Vulkan is a GCN low level construct?

Discussion in 'Rendering Technology and APIs' started by DavidGraham, Jul 18, 2016.

  1. Psycho

    Regular

    Joined:
    Jun 7, 2008
    Messages:
    746
    Likes Received:
    41
    Location:
    Copenhagen
    We see the same in our render application (dx11) - for the same performance our process (obviously including the driver threads) is using more cpu time with nvidia drivers. (I don't think I measured how much it actually affected performance when the cpu becomes saturated)
    And that is of course an entirely different question to which is more cpu limited in the usual setting with a non-saturated cpu - could very well be as sebbi suggested that nvidia is running some low priority analysis/optimizing threads.
     
    CarstenS likes this.
  2. Ethatron

    Regular Subscriber

    Joined:
    Jan 24, 2010
    Messages:
    946
    Likes Received:
    413
    It's custom in distributed computing to count aggregate MHz, so a 8 core 4 GHz CPU is really 32 GHz. If you show aggregate utilization of a game running Nvidia vs. AMD you see very clearly that the Nvidia driver achieves what it achieves with a ton of more energy/clocks.
    If you feel like hacking a few games to see how drivers perform flat, use
    D3D11_CREATE_DEVICE_PREVENT_INTERNAL_THREADING_OPTIMIZATIONS on the hacked CreateDevice call.
    Sometimes it can be very annoying that the driver steals capacity from your own algorithms, sometimes it's annoying that you did something super effectively multi-threaded, but's slower because you interfere with the driver threads. So far the observation has been that AMD's driver only uses a single thread (+ the calling thread), which is okayish.

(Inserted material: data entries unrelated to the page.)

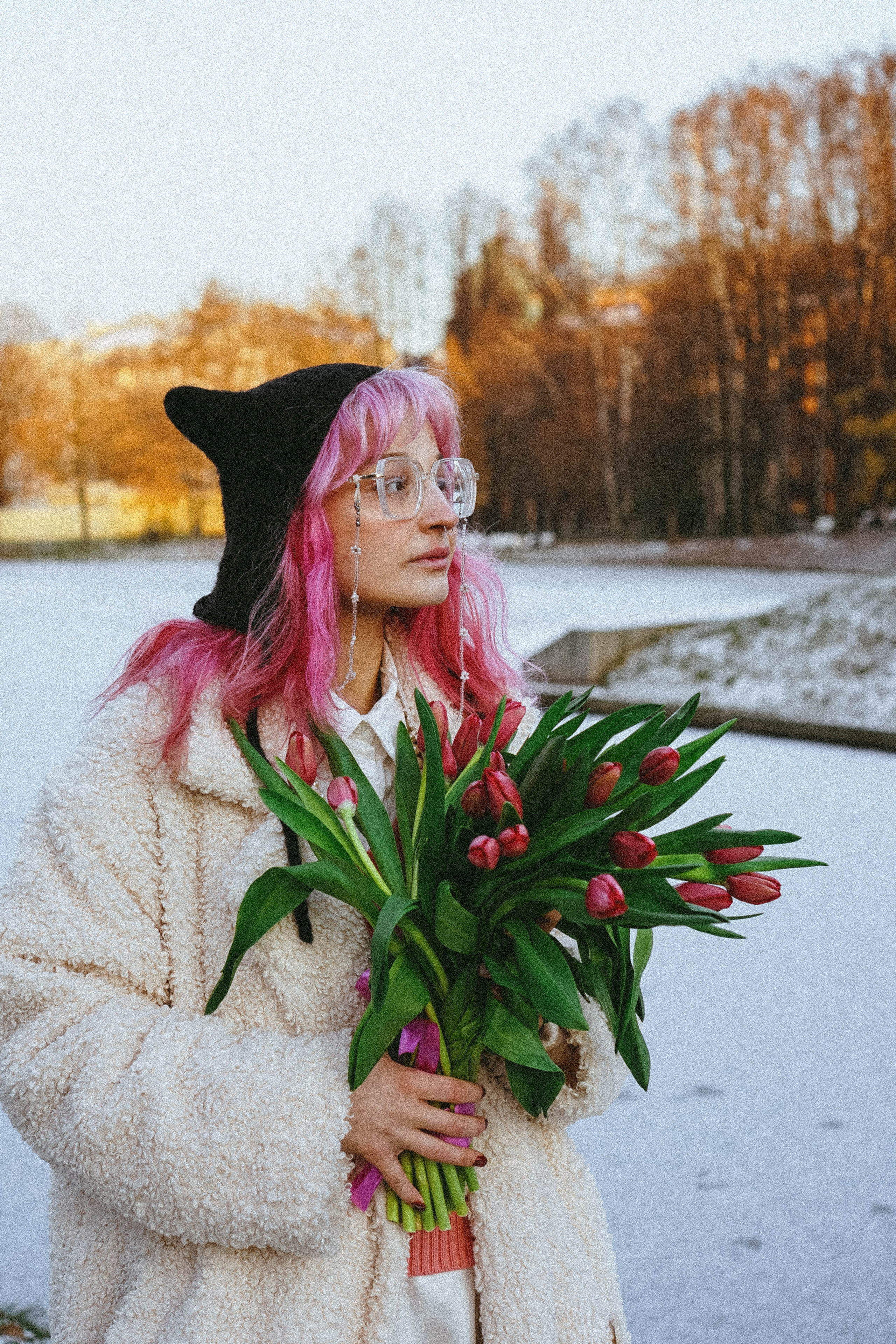 Прогулочная фотосессия с тюльпанами. Профессиональный фотограф, Санкт-Петербург — Виктория Богомолова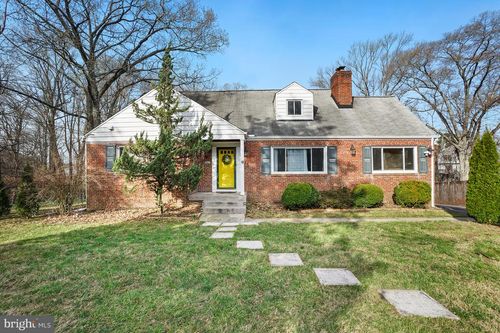 8801 Christina Ln, CLINTON, MD, 20735-2518 | Card Image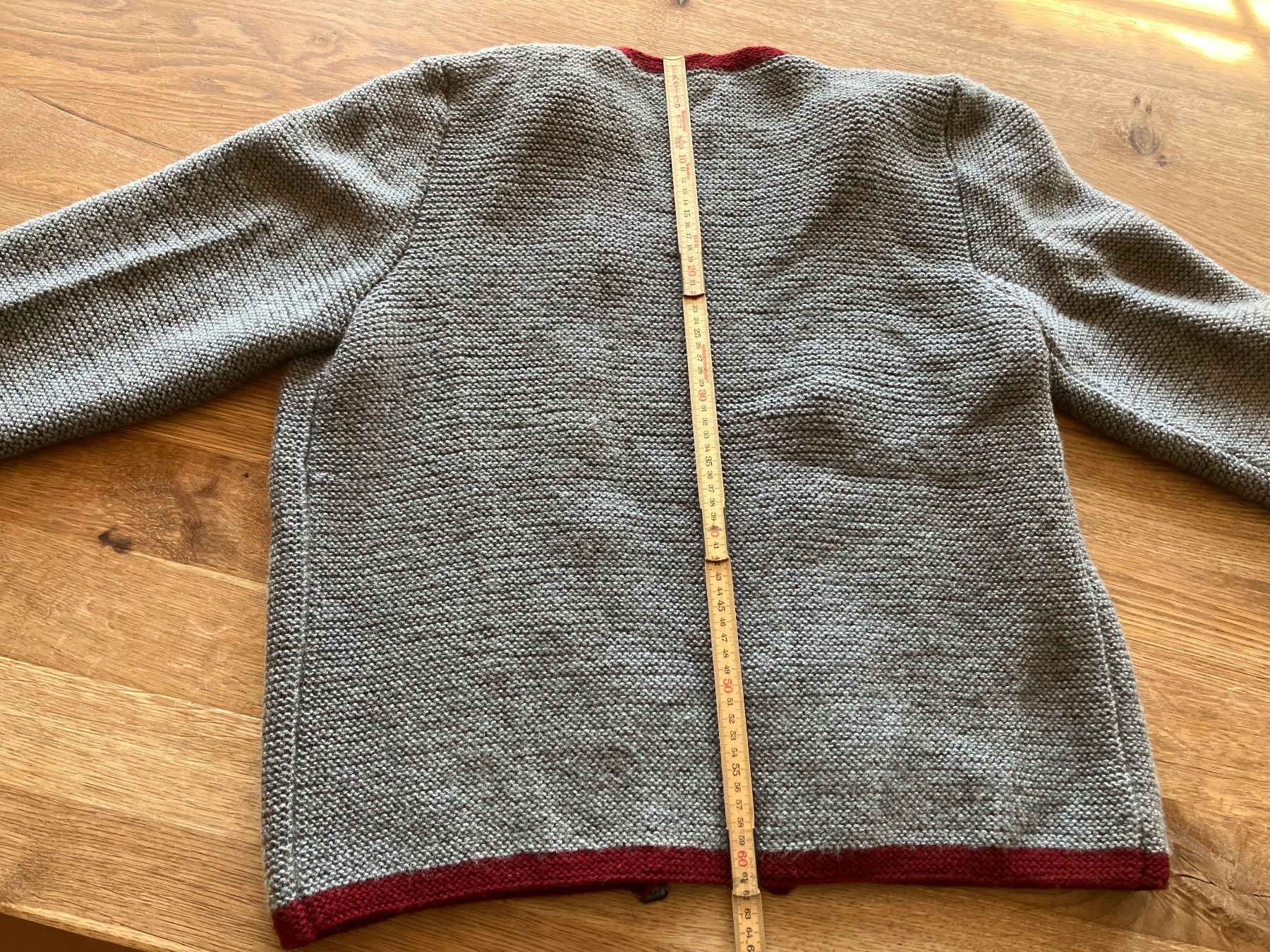 Pullover & Sweatshirts: Toggenburger Strickjacke mit Silberknöpfe – Gebraucht aus Waldstatt von breitaxt 4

    Luckily we don't have to be bothered by that anymore, because DX12 gave devs ownership over threading.
     
    pMax and Lightman like this.
  3. ieldra

    Newcomer

    Joined:
    Feb 27, 2016
    Messages:
    149
    Likes Received:
    116
    NV does inter-warp scheduling driver side so there's that, NV should have higher overhead but in practice (due to effectively multi-threaded driver) ends up less CPU-bound than AMD counterparts. In DX12 and Vulkan the situation should favor AMD in theory, but DOOM says otherwise, AotS also seems to get hit a little less hard by CPU clocks being lowered for NV than AMD




    NVM I'm basically reposting what was said on last page lol
     
  4. Anarchist4000

    Veteran

    Joined:
    May 8, 2004
    Messages:
    1,439
    Likes Received:
    359
    For pure scheduling AMD should be more efficient, they do have hardware to do it after all. There's more to a driver than just scheduling though.
     
    ieldra likes this.
  5. sebbbi

    Veteran

    Joined:
    Nov 14, 2007
    Messages:
    2,924
    Likes Received:
    5,296
    Location:
    Helsinki, Finland
    Yeah, it seems that GPU manufacturers have taken full advantage of the current situation (*). Cross platform games (and engines) have been designed to run properly on ~1.6 GHz Jaguar CPUs. This leaves lots of idle CPU cycles on high end PCs. In the current state, wasting huge amount of CPU cycles in the driver is a good proposition, as long as it gives at least a tiny bit of savings on the GPU side. This is obviously a really bad thing for gaming on laptops or any shared TDP configs such as integrated GPUs. Extra CPU work consumes the total TDP budget of the system, leaving less TDP for the GPU.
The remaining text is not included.